A Lack of Vision
In short, whether driven by idealist or materialist presuppositions, contemporary theories of knowledge fail to articulate the impacts of the distinctive arrangements of discursive matter as it flows through both biological bodies and other media.[*]
C.M. Condit, “Race and Genetics from a Modal Materialist Perspective” QJS 94:4 November 2008
I got news today that my sister-in-law has completely lost her sight in her left eye. There is no word whether it is permanent or reversible; it is tremendously difficult for poor people to get straight answers about health care in this country. A cancer survivor, she is being shuffled from clinic to clinic as her vision progressively gets worse. It is a blow to me, because she and my brother are the main allies I have in caring for my mother as her condition worsens.. The hospice system is quick to offer counselors, but slow to assist her in day-to-day issues like washing up. My sister-in-law has been helping to take up that slack. Her problems add complexity to an already mind-numbingly complex scene.
Words
Placing one word after another. That seems to be a real problem lately. Dealing with the sheer scale of the decisions I’ve had to make this past year makes it hard to take any time to narrate, to try to make sense of the changes that have happened. For the first time ever, I have absolute confidence in the “support systems” that I have in place around me, but just the same, I miss writing.

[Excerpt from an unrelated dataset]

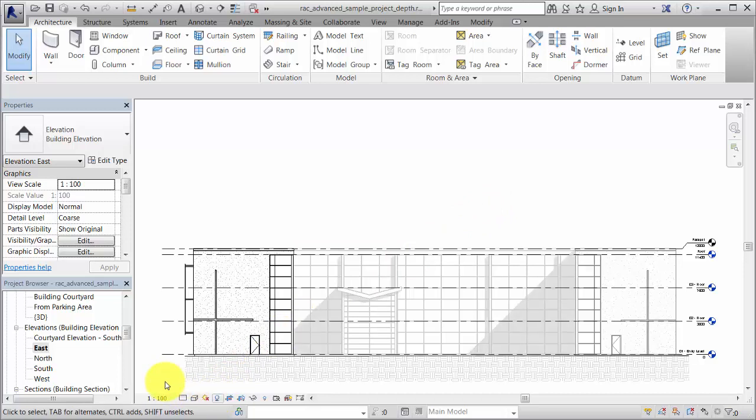Next, you can export the view, print it, or add it to a sheet. Revit uses raster processing when printing a view with Depth Queuing applied.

It’s all so personal, and frequently painful that I hesitate each time I try to find some way out of the trap of silence. Back when the stakes were lower, when I had less to lose, writing came much easier. The true weirdness of it is losing the ability to write about things that aren’t personal, that aren’t painful—along with processing the other parts. I woke up at 3a.m. a day or so trying to complete a sentence in my head. It was a simple sentence meant to crystallize why I’m here, what I was working on before all these changes happened. I couldn’t find the word. And I was filled with such a deep sense of terror that the word wouldn’t come. It still hasn’t.